© INTERNEOù et comment les bandes de délinquants se forment-elles en France ? Depuis plusieurs années, les renseignements généraux (RG) se penchent sur la question afin d'en cerner l'influence. Une bonne nouvelle, tout d'abord : les affrontements entre des jeunes et la police auraient diminué en 2004 avec "seulement" 476 cas contre 501 en 2003 et 557 en 2002.
Il en va de même pour les rixes entre bandes rivales. L'an dernier, les RG en ont recensé 225, contre 281 en 2003 après deux "pics", en 2000 (362) et 2001 (471). L'Ile-de-France concentre près de la moitié des infractions, particulièrement la Seine-Saint-Denis et le Val-de-Marne pour la petite couronne, l'Essonne et le Val-d'Oise pour la grande couronne.
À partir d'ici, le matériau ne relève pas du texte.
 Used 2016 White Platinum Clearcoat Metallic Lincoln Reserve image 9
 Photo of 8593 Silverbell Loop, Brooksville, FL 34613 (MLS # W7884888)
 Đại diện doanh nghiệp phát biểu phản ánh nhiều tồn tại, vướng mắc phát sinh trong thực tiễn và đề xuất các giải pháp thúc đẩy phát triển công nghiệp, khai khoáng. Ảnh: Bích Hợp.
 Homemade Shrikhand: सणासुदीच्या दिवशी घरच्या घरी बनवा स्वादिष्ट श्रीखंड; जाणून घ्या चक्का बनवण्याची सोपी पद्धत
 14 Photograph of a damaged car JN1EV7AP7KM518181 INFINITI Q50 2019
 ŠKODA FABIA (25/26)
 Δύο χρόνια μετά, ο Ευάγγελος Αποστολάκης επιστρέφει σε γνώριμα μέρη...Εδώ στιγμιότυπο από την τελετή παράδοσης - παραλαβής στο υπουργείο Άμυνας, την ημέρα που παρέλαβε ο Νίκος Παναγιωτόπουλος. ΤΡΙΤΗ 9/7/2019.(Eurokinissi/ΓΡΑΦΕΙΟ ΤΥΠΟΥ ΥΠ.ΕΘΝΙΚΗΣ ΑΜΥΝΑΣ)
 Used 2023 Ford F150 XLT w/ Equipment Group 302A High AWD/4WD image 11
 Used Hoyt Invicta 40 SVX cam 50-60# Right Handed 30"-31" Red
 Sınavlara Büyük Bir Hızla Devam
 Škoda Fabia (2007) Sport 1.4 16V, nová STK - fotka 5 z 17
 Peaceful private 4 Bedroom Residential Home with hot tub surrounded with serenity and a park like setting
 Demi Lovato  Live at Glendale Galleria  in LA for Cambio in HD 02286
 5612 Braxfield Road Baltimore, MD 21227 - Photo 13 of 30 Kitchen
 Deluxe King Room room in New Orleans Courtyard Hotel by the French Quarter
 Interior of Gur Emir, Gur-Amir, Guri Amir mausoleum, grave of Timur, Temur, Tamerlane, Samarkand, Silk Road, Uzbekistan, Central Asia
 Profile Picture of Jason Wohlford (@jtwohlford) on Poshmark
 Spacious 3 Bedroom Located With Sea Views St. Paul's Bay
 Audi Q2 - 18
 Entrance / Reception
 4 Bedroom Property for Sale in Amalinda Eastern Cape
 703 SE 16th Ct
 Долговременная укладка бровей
Peu d'affrontements communautaires
Tendance de fond : depuis quelques mois, la province est de plus en plus concernée et les lieux d'affrontements gagnent des villes moyennes, telles Colmar ou Amiens. Si la défense du territoire "constitue le prétexte le plus fréquent" de ces affrontements, leurs causes peuvent aller du "différend commercial" (maîtrise des trafics de drogues ou de voitures) au plus futile (un étranger à la bande qui aurait eu un regard appuyé sur la petite amie d'un des caïds). En revanche, les affrontements communautaires demeurent rares en dépit des nombreuses nationalités qui cohabitent dans les cités sensibles.
La première chose qui rapproche les membres d'une même bande, c'est leur territoire. Leurs membres habitent le même quartier, fréquentent les mêmes établissements scolaires, les mêmes clubs de sports. Ils sont liés par le seul territoire qu'ils connaissent bien parce qu'ils y vivent et "y sont vraiment attachés". De façon ponctuelle ou "en cas de crise", une bande peut s'agrandir jusqu'à une cinquantaine de jeunes gens, soit pour "faire un coup", selon les policiers, soit pour s'affronter à une autre. Mais l'événement passé, le groupe se délite et on en revient au "noyau dur" qui peut ne compter que quatre ou cinq personnes. L'une de leurs principales caractéristiques reste d'ailleurs l'appropriation des espaces privé et publics -"centres commerciaux, gares, parties communes des immeubles"- qu'ils considèrent comme leur appartenant.
Des bandes "peu structurées"
Dans leur rapport, les RG écrivent que, si les bandes constituent toujours "une des composantes de l'insécurité et des violences urbaines", elles n'ont rien à voir, en France, avec celles qu'on trouve aux Etats-Unis. Là où, outre-Atlantique, les bandes peuvent compter 200 ou 300 membres voire un ou plusieurs miliers à travers différents territoires, elles restent "peu structurées" en France et s'articulent autour d'un petit noyau de personnes, au maximum une douzaine d'individus selon la taille de la cité.